Aufgrund dieser Praktiken und aufgrund der Basis ihrer ideologischen Prinzipien, sollten revolutionäre Organisationen versuchen, ein Programm zu entwickeln, das ihre kurz- und mittelfristigen Ziele definiert und das auf ihre langfristigen Ziele hinarbeitet.

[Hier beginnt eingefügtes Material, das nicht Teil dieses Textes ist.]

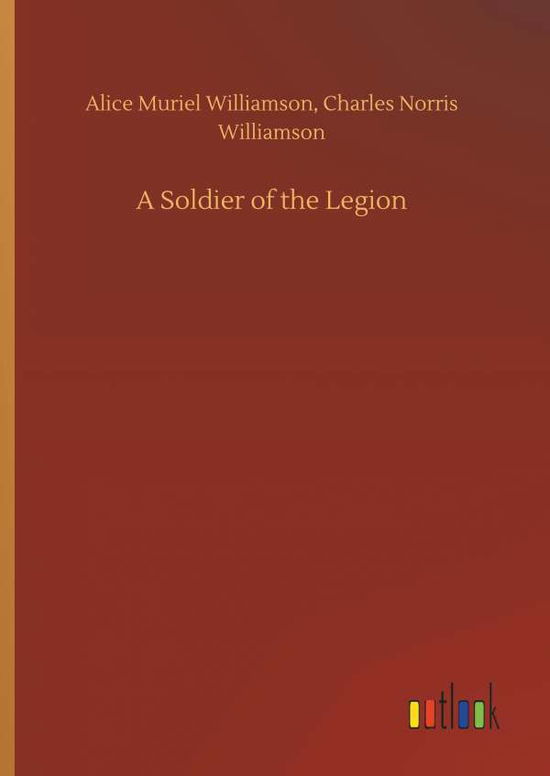 A Soldier of the Legion - Williamson - Books -  - 9783732660186 - April 6, 2018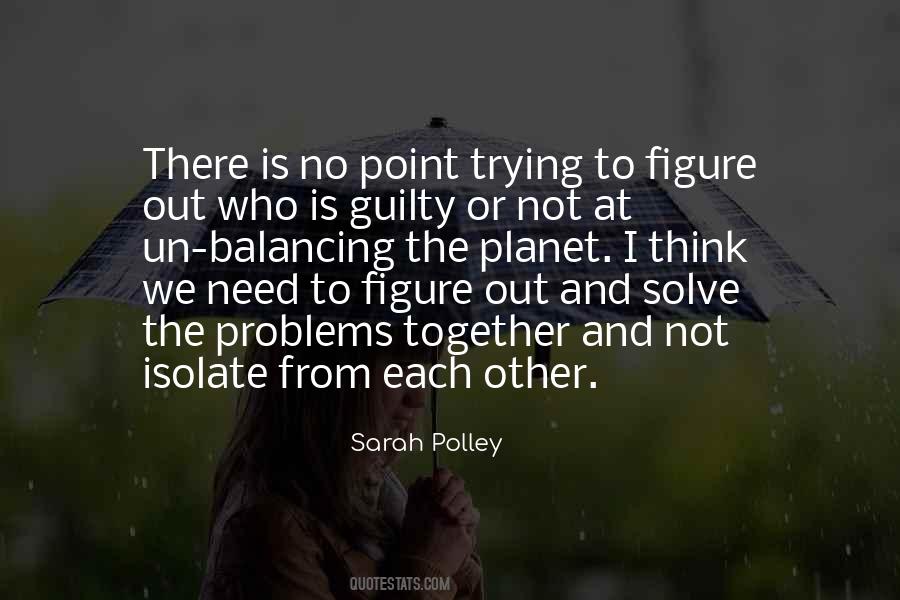 Sarah Polley Quotes #428776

Der letzte Punkt, der in der Praxis des Especifismo zentral ist, ist die Idee der “gesellschaftlichen Einfügung”. Sie wurzelt im Glauben, dass die Unterdrückten der revolutionärste Teil der Gesellschaft sind und dass der Samen der zukünftigen revolutionären Transformation der Gesellschaft schon in diesen Klassen und sozialen Gruppierungen liegt. Gesellschaftliche Einfügung meint anarchistische Einmischung in die alltäglichen Kämpfe der Unterdrückten und der Arbeiter:innenklasse. Sie bedeutet nicht die Arbeit in Ein-Themen-Interessenkampagnen, in der die üblichen politischen Aktivistinnen und Aktivisten tätig sind, sondern innerhalb von Bewegungen jener Menschen, die um eine Verbesserung ihrer Situation kämpfen, und nicht immer nur aus materiellen Nöten zusammenkommen, sondern auch aus sozialen und geschichtlich verwurzelten Gründen, um gegen die Attacken des Staates und des Kapitalismus Widerstand zu leisten.

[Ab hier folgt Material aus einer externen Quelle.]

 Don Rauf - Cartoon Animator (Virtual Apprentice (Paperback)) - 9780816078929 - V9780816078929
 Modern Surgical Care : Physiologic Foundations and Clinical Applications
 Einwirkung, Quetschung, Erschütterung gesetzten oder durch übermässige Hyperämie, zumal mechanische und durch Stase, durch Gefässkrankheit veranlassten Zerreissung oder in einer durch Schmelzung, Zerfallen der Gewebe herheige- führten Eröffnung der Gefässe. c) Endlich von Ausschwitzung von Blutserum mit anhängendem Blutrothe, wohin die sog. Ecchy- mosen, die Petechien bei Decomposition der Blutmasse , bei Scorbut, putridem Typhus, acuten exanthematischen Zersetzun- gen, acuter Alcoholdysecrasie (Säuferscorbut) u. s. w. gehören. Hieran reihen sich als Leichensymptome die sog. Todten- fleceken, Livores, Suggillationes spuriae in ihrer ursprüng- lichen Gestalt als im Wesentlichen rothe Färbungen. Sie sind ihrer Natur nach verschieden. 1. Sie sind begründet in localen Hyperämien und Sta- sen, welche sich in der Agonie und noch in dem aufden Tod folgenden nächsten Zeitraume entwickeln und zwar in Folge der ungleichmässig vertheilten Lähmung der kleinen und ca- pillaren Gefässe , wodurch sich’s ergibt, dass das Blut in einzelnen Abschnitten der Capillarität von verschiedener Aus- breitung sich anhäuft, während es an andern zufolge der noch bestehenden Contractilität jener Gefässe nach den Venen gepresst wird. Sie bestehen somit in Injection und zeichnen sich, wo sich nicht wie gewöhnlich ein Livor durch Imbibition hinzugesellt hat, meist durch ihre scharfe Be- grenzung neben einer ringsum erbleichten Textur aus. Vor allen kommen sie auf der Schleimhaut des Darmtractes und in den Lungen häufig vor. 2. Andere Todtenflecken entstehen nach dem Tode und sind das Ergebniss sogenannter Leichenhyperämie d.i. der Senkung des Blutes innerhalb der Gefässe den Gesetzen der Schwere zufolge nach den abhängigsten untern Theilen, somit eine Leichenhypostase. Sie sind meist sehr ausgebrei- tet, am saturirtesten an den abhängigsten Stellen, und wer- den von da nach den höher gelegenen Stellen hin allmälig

Die especifistische Konzeption sieht nicht vor, dass seine Theorie durch eine Führerschaft, eine „Massenlinie“ oder durch Intellektuelle den Massenbewegungen aufgezwungen wird. Anarchistische Aktivist:innen sollten nicht versuchen, soziale Bewegungen zu anarchistischen Proklamationen zu bewegen, sondern ihren genuin anarchistischen Charakter (Selbstorganisation, Kampf für die eigenen Interessen) bewahren.

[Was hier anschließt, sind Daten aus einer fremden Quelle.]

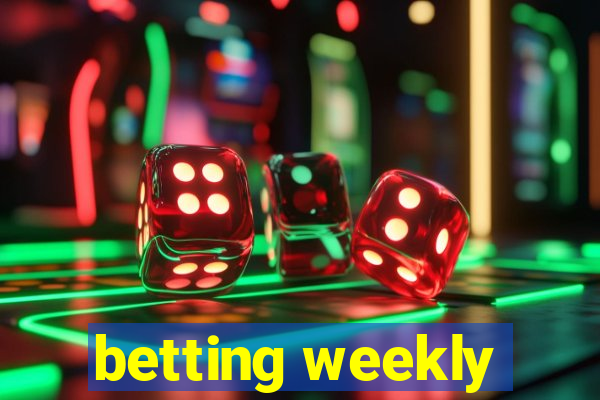 betting weekly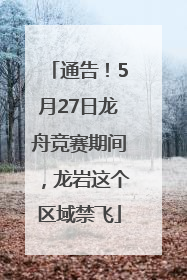 通告！5月27日龙舟竞赛期间，龙岩这个区域禁飞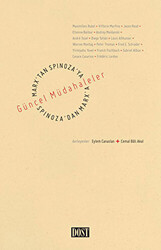Marx’tan Spinoza’ya, Spinoza’dan Marx’a: Güncel Müdahaleler - Dost Kitabevi Yayınları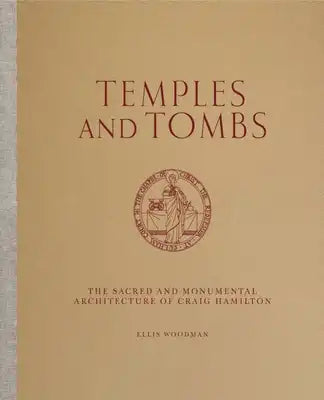 Temples and Tombs: The Sacred and Monumental Architecture of Craig Hamilton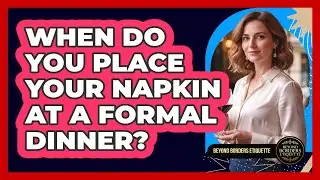 When Do You Place Your Napkin At A Formal Dinner? - Beyond Borders Etiquette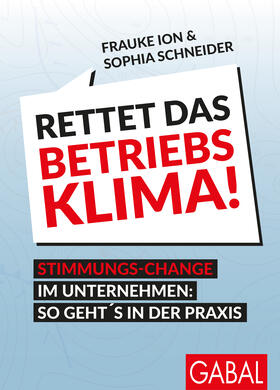 Ion, F: Rettet das Betriebsklima!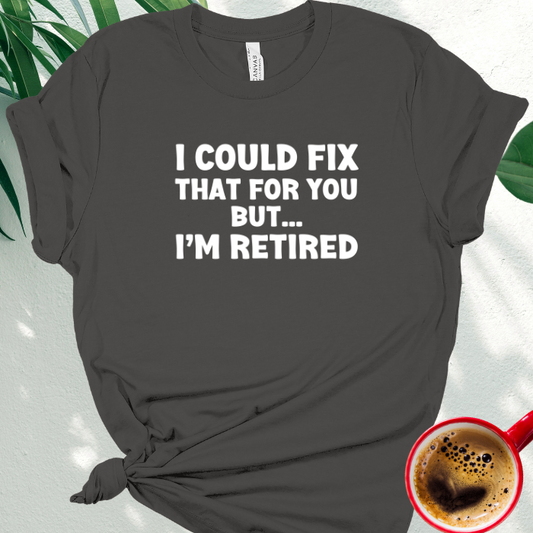 I Could Fix That for You, But I'm Retired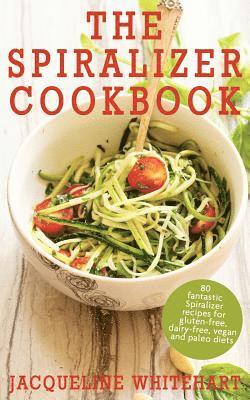 The Spiralizer Cookbook: Spiralizer Recipes for gluten-free, dairy-free, vegan and paleo diets 1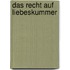 Das Recht auf Liebeskummer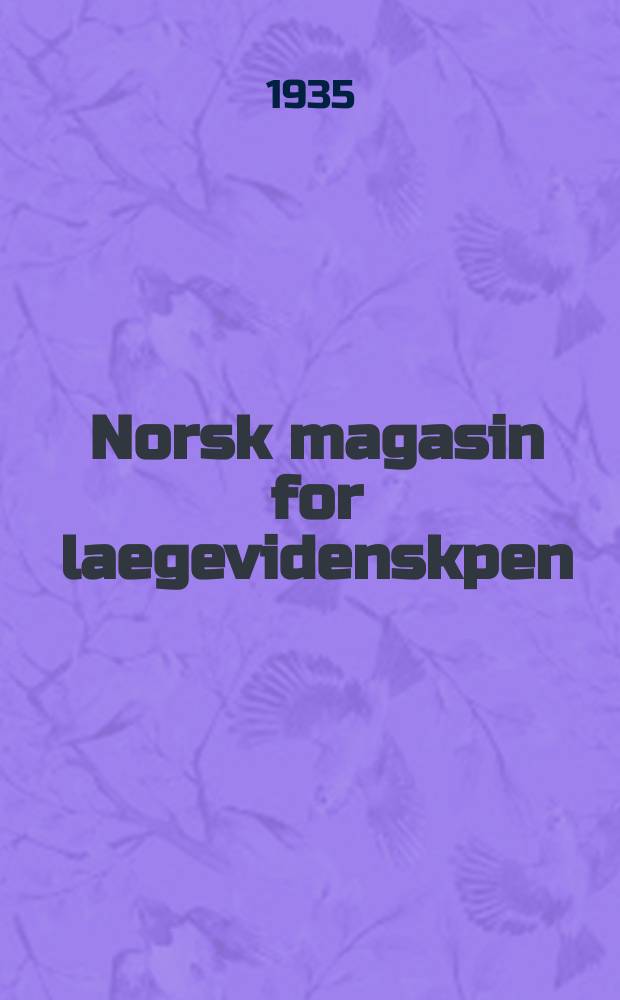 Norsk magasin for laegevidenskpen : Utg. av del Norske medicinske selskab i Oslo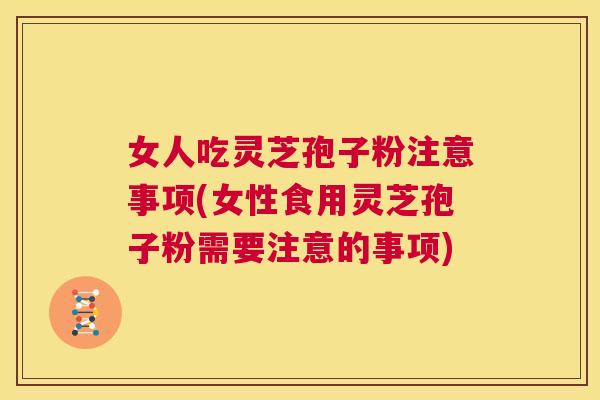 女人吃灵芝孢子粉注意事项(女性食用灵芝孢子粉需要注意的事项) 第1张 女人吃灵芝孢子粉注意事项(女性食用灵芝孢子粉需要注意的事项) 第1张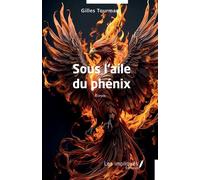 Sous l'aile du phénix - Gilles Tourman - Les Impliqués - broché - Roman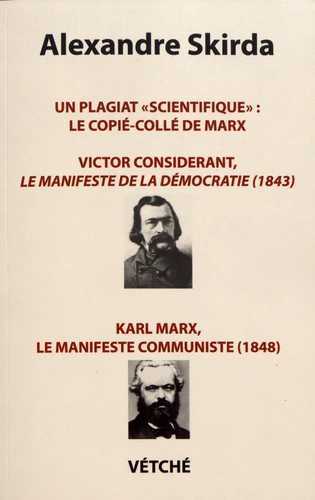 COPIE-COLLE DE MARX : UN PLAGIAT SCIENTIFIQUE (LE)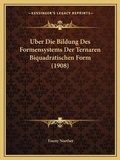 Cover: Uber Die Bildung Des Formensystems Der Ternaren Biquadratischen Form (1908) - Kessinger Publishing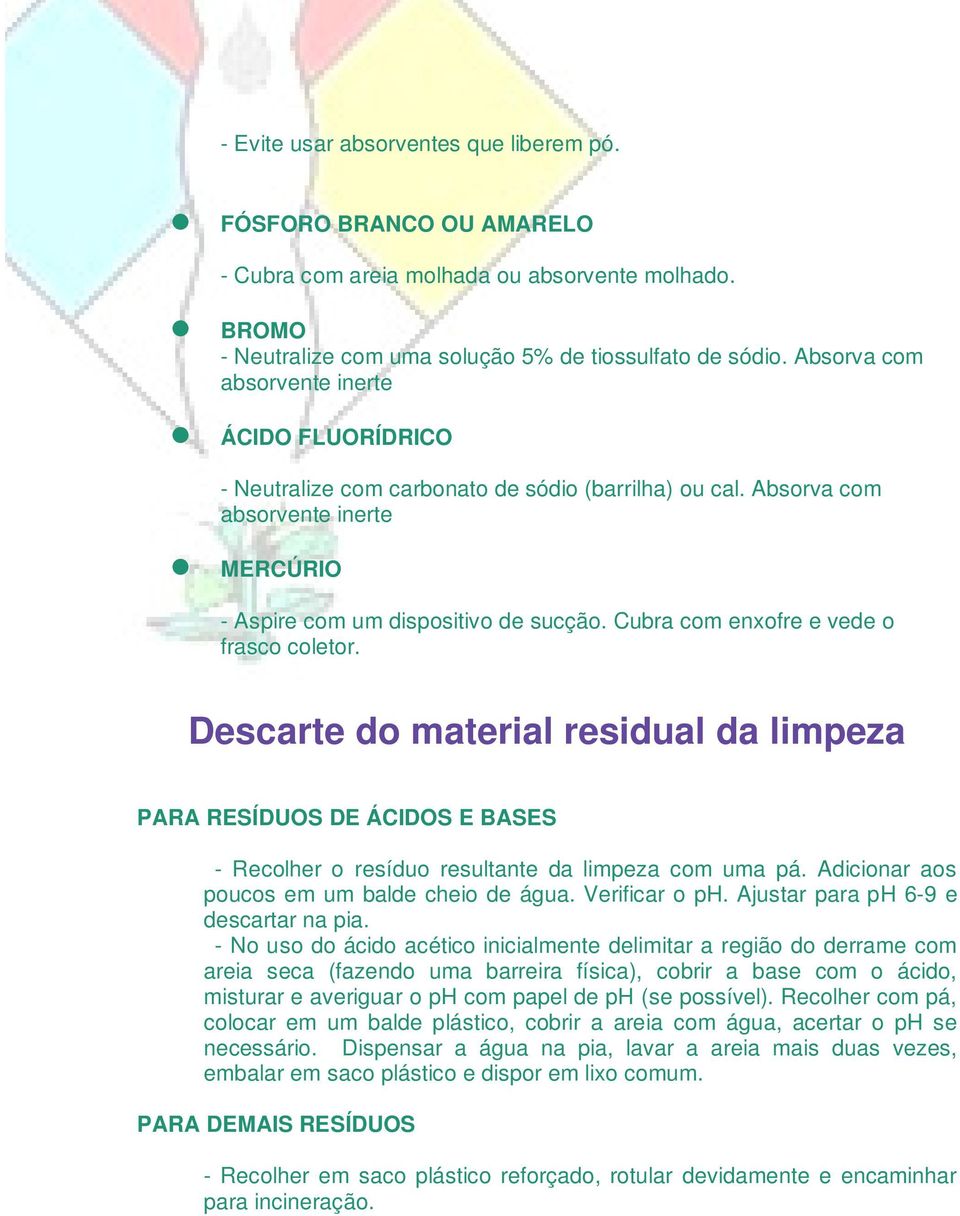 Cubra com enxofre e vede o frasco coletor. Descarte do material residual da limpeza PARA RESÍDUOS DE ÁCIDOS E BASES - Recolher o resíduo resultante da limpeza com uma pá.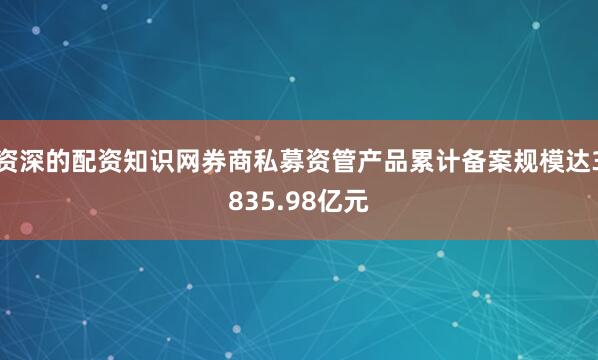 资深的配资知识网券商私募资管产品累计备案规模达3835.98亿元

Eine zusätzliche Rolle der anarchistischen Aktivistinnen innerhalb der sozialen Bewegungen besteht darin, so glauben die Especifistas, sich an die vielfältigen politischen Strömungen, die innerhalb der Bewegungen existieren werden, zu wenden und aktiv gegen opportunistische Elemente wie Avantgardismus und Wahlpolitik vorzugehen.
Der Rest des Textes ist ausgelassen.